Further exploitation of this vulnerability could be used to spread ransomware (similar to CVE-2019-11510) and cryptocurrency mining malware on sensitive networks. If multiple servers are compromised by the same threat actor, they could be weaponized for coordinated malicious activity such as DDoS attacks.
Citrix has provided a list of products impacted by CVE-2019-19781. Organizations using vulnerable Citrix ADC and Citrix (NetScaler) Gateway servers should immediately follow the recommended mitigations steps to prevent compromise. No patch is available yet for this vulnerability, however Citrix expects to release a firmware update by the end of January 2020. Given the criticality (CVSS score: 9.8) coupled with the risk of unauthorized access to private networks, there’s little time to take action before threat actors begin exploiting vulnerable servers.

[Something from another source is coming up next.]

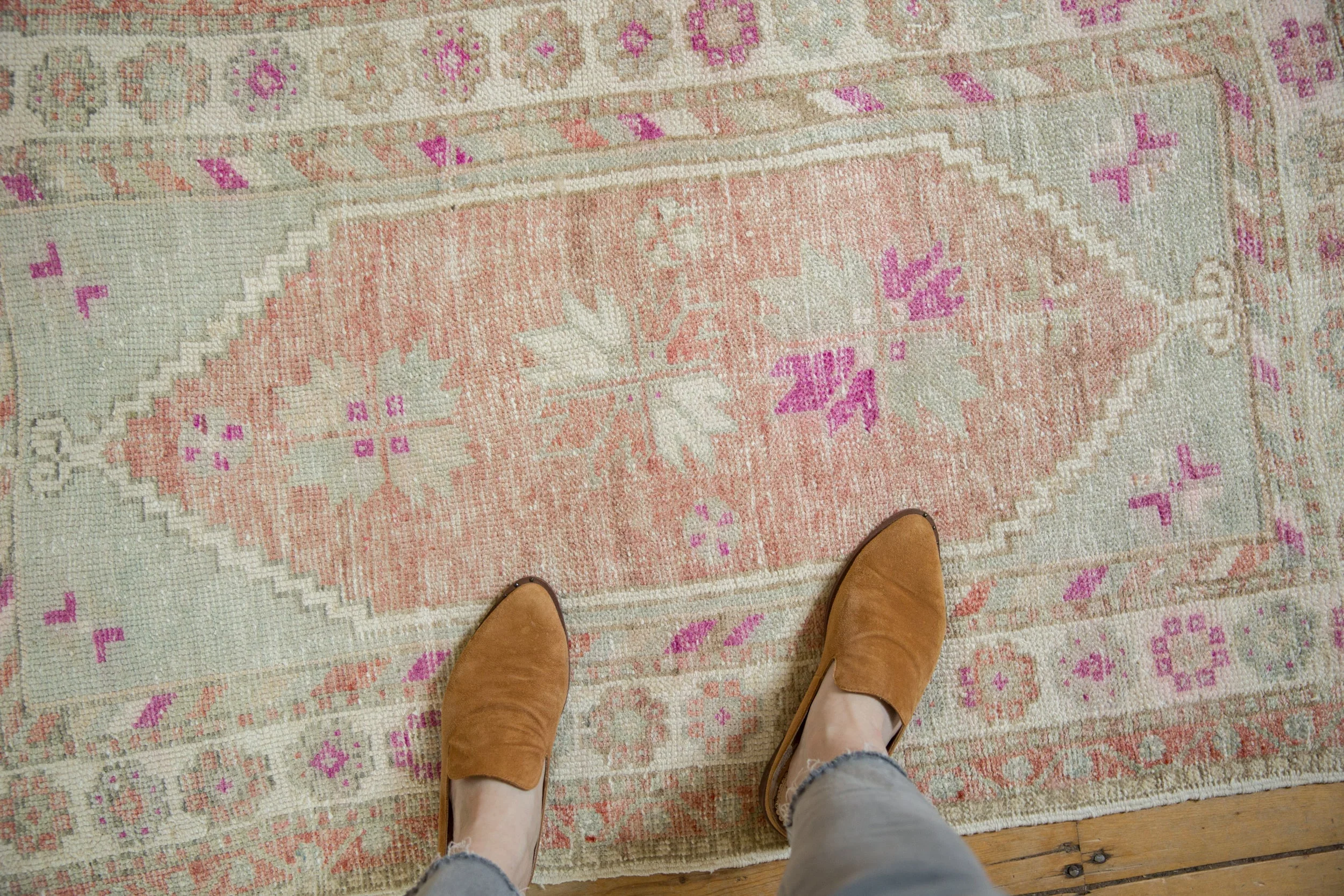 3x4.5 Vintage Distressed Oushak Rug - Image 2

How to obtain our CVE-2019-19781 report
Due to the sensitive nature of this vulnerability, the affected Citrix endpoints detected by our scans will not be shared publicly. However, the list is freely available for authorized government CERT, CSIRT, ISAC, and law enforcement teams to review. FIRST Team membership is preferred, but not required.
A feed of hosts conducting CVE-2019-19781 related scans and exploit activity is available for our Research and Enterprise CTI customers. Commercial licenses are also available for our vulnerability data, please contact us for more information.
We’ve shared our findings directly with US-CERT (CISA/DHS) and other U.S. federal law enforcement agencies for further investigation and remediation. Additionally, we notified these organizations: ACSC, aeCERT, Amazon SIRT, AusCERT, CareCERT, CCCS, CCN-CERT, CERT Nazionale Italia, CERT NZ, CERT Orange Cyberdefense, CERT POLSKA, CERT.at, CERT.be, CERT.br, CERT.hr, CERT.LV, CERT.PT, CERT/CC, CERT-Bund, CERT-FR (ANSSI), CERTGOVIL, CERT-In, CERT-MX, CERT-SE, CFCS-DK, CIRCL.LU, CNCERT/CC, colCERT, CSIRT BNP Paribas, CSIRT-DSP, Deutsche Telekom CERT, DKCERT, ECS-CSIRT, E-ISAC, FSA SOC (ed.gov), FS-ISAC, GovCERT.ch, GovCERT.CZ, GovCERT.HK, GOVCERT.LU, H-ISAC, HKCERT, ICIC-CERT, INCIBE-CERT, JPCERT/CC, KN-CERT, KPN-CERT, Legal-ISAC (NL), MSCERT (MSRC), MS-ISAC, MyCERT, NCIIPC, NCIS (DoD), NCSC, NCSC-FI, NCSC-IE, NCSC-NL, NCSC-NZ, NorCER, NTT-CERT, Q-CERT, REN-ISAC, RT CERT, RU-CERT, SANReN CSIRT, Saudi CERT, SingCERT, SUNet CERT, ThaiCERT, TWCERT/CC, TWNCERT, YOROI-CSDC, and Z-CERT.
This list will be updated frequently as notifications are still ongoing by Bad Packets.